2.4. Implementation of PLS-SEM

The PLS-SEM analyses were conducted using the SmartPLS (version 3.2.8, (SmartPLS GmbH, Oststeinbek, Germany). Evaluation based on a reflective measurement model was performed before evaluating the structural model. The reflective measurement model was performed by assessing the following conditions [25]:

• indicator loadings ≥0.70;

• internal consistency reliability using Cronbach’s alpha and rho_A between 0.70 and 0.95, and composite reliability ≥0.70;

• convergent validity average variance extracted (AVE) ≥0.50;

• discriminant validity using Heterotrait-Monotrait (HTMT) ratio of correlations <0.90, cross loading, and Fornell–Larcker criterion;

• variance inflation factor (VIF) <5.

Evaluation of the structural model was carried out by the measures of R², the goodness-of-fit (GOF), Q², and the standardized root mean square residual (SRMR). R² values of 0.75, 0.50, and 0.25 are considered substantial, moderate, and weak, respectively [25]. Q² value more than 0 indicate the predictive relevance of the path model [25]. The complete fit model’s GOF is used as a measure to ensure that the model adequately describes the empirical data. The GOF values range from 0 to 1, with values of 0.10, 0.25, and 0.36, which are respectively considered as small, medium, and large [27]. These values indicate the path model’s global validity. A good fit to the model indicates that the model is credible. Calculation of GOF used the formula:

$GOF=\sqrt{Average R^2\times average AVE values}$

The SRMR is a metric for estimating the model fit. When SRMR is ≤0.08, the study model is well-fitting [28].

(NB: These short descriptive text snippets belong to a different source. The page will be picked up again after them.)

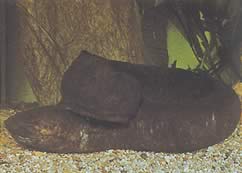 Lepidosiren paradoxa (Južná Amerika Lepidosirène)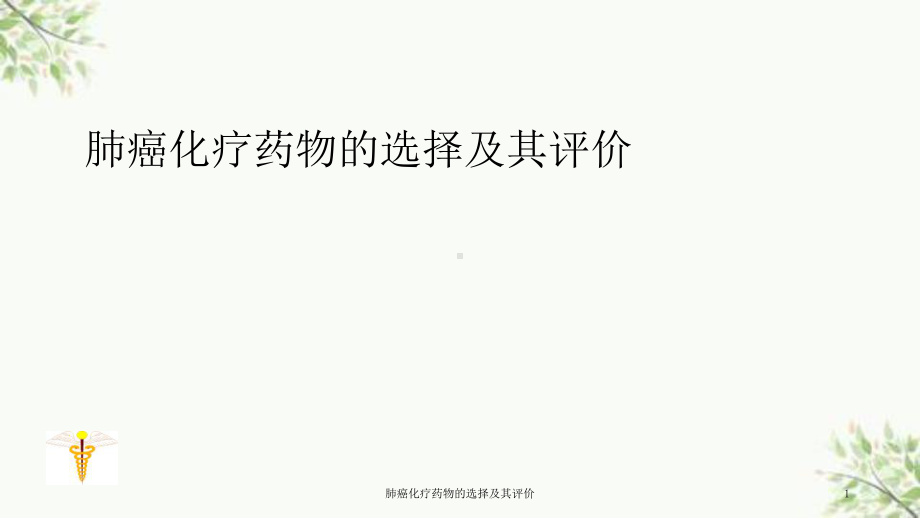 肺癌化疗药物的选择及其评价课件.ppt_第1页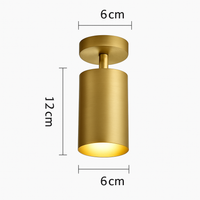 Barre spots LED en aluminium noir et doré Golden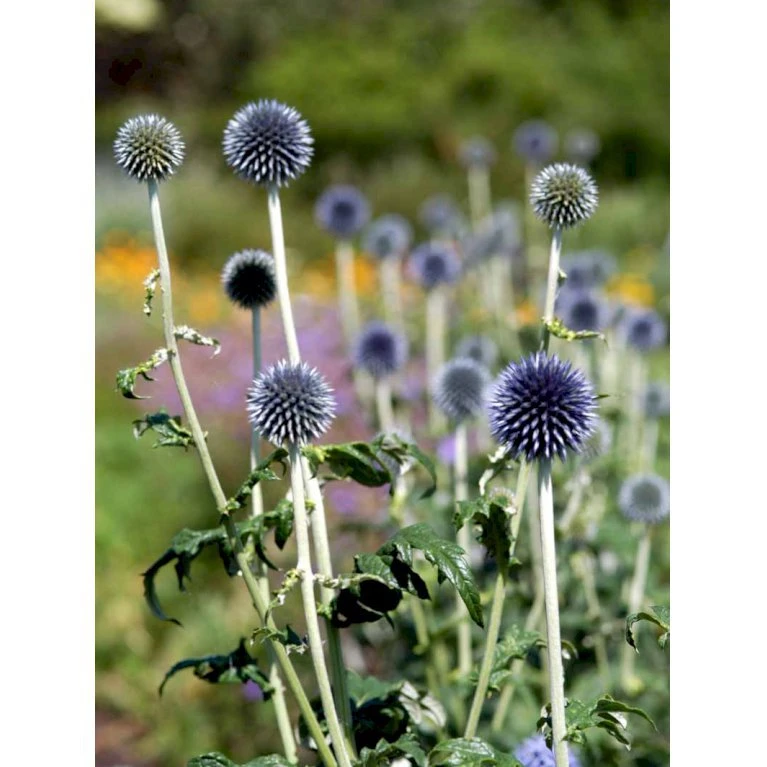 Tidselkugle 'Taplow Blue' Echinops Bannaticus 'Taplow Blue' 1 Liter Potte 9 Tidselkugle 'Taplow Blue' Echinops Bannaticus 'Taplow Blue' 1 Liter Potte - Billede 7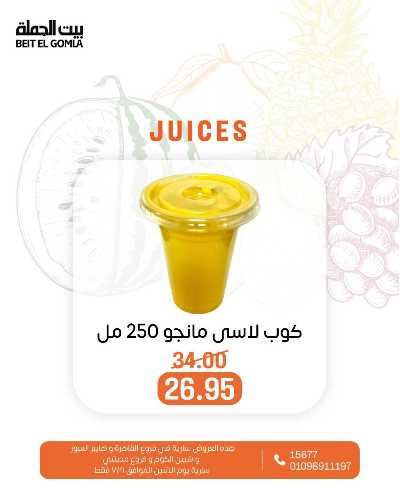 عروض الاثنين من بيت الجمله  16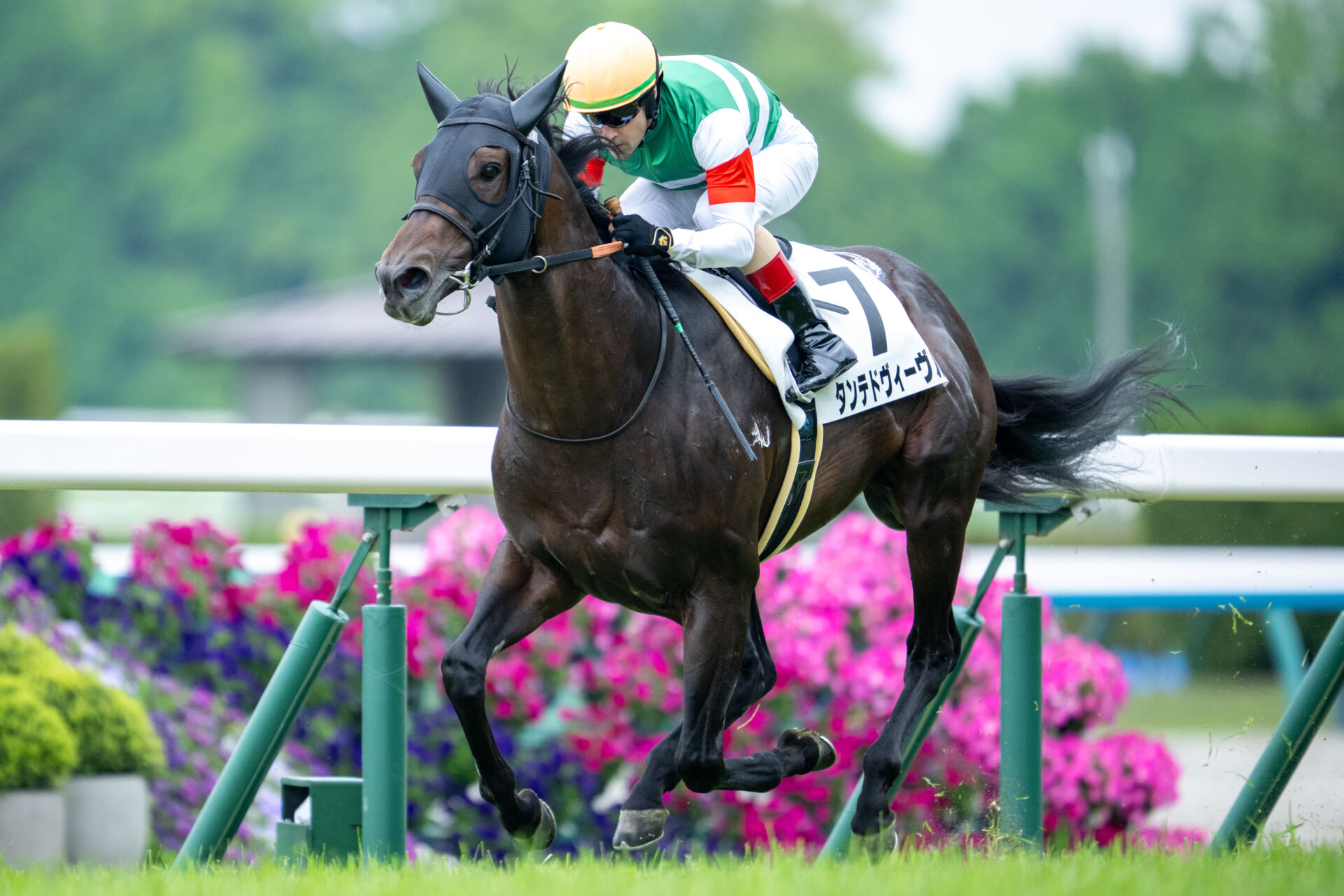 京都7R】単勝1.4倍タンテドヴィーヴルが断然の支持に応える | 競馬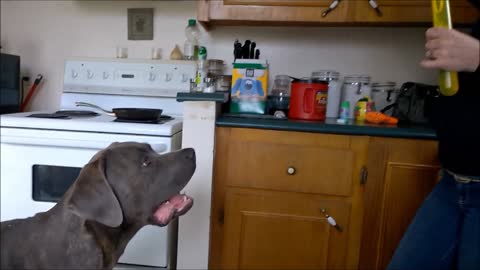 Dog playing with bubbles still a kid at heart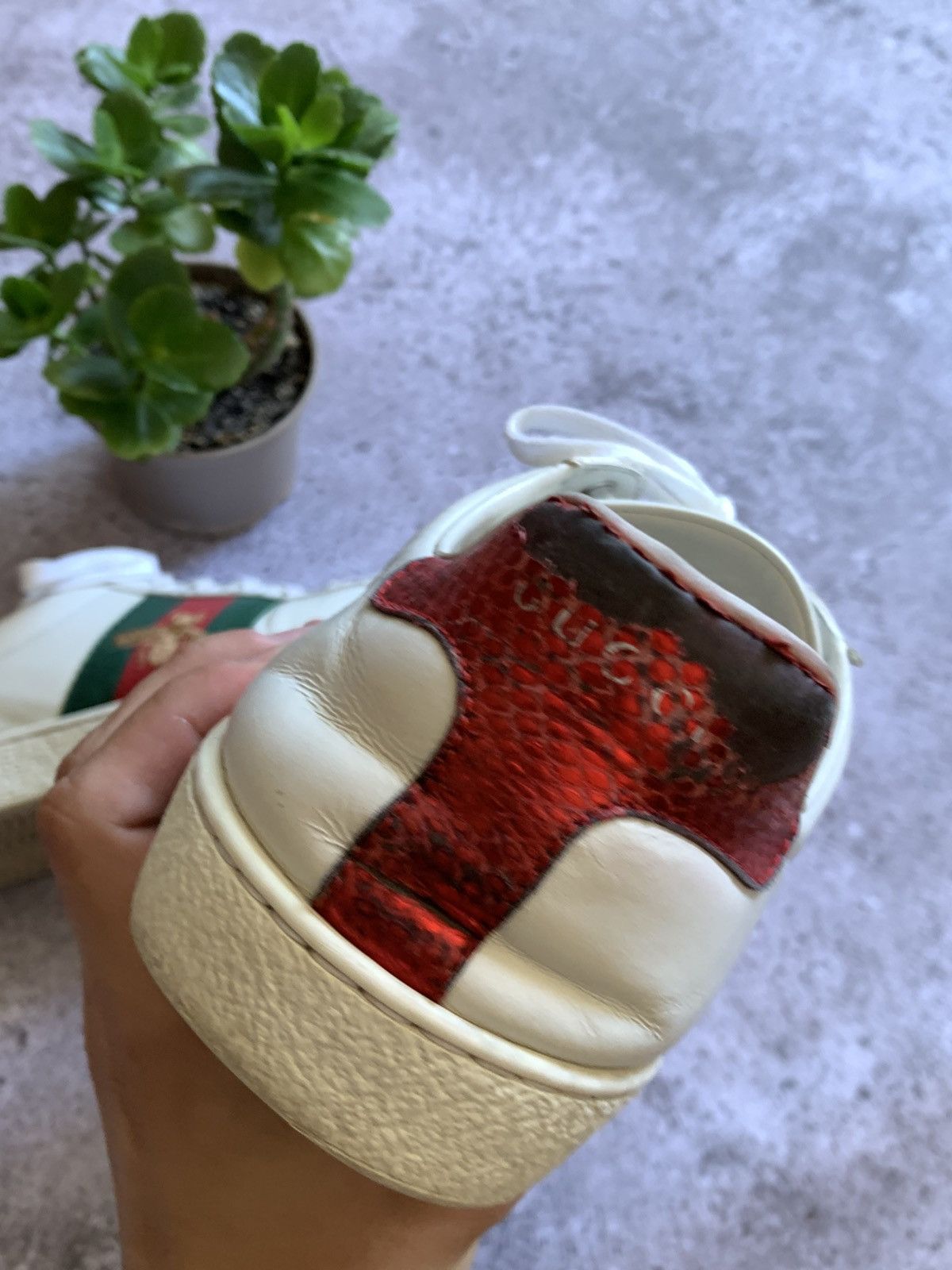Gucci 🔥GUCCI ACE SNEAKERS Size US 9 / EU 42 - 18 Thumbnail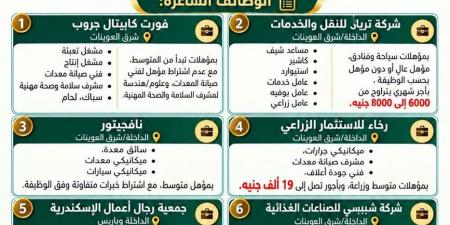 فرص عمل جديدة بالوادي الجديد براتب يصل إلى 19 ألف جنيه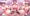 宇崎一家で遊びたい！【NTRビデオレター】（母姉妹鬼畜放尿調教）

The last step was to perform a bootstrapping analysis to assess the significance of the path coefficient and total effect [25]. The path coefficient discussed in this paper is the standard path coefficient. The path weights are in the range of −1 to +1 after standardization. When a value of path coefficient is close to 1, both positive and negative, it represents a powerful path. A value close to zero, on the other hand, represents a weak path. The standard path coefficient value is used for evaluation of the direct effect, while the total effect is the total value of the direct and indirect effects [23].

3. Results

Figure 2 shows data visualization of COVID-19 daily new cases and COVID-19 daily new death cases in Southeast Asia. Table 1 shows the bi-monthly model fit and structural model evaluation for Southeast Asia. The five indicators of the reflective measurement model met the criteria well, allowing the structural model assessment to proceed. Nearly all GOF values for the Southeast Asian countries bi-monthly analysis model indicate that scientific proof adequately matches the model and has significant predictive power relative to baseline values. Considering that the SRMR was also ≤0.08, we concluded that the data matched the model well. All Q2 had a value greater than 0, indicating that it fulfills the cross-validation requirements. The value of R² demonstrates that results differ depending on the window period and each country. Before presenting analytical results, several points regarding the data structure should be noticed. The calculations involving COVID-19 cases were only conducted in March to April for Laos because only few cases of COVID-19 were observed in these countries between May and December. For Singapore, the government response variable was excluded from the calculation in July to August because no policy changes happened in the three indexes in this period.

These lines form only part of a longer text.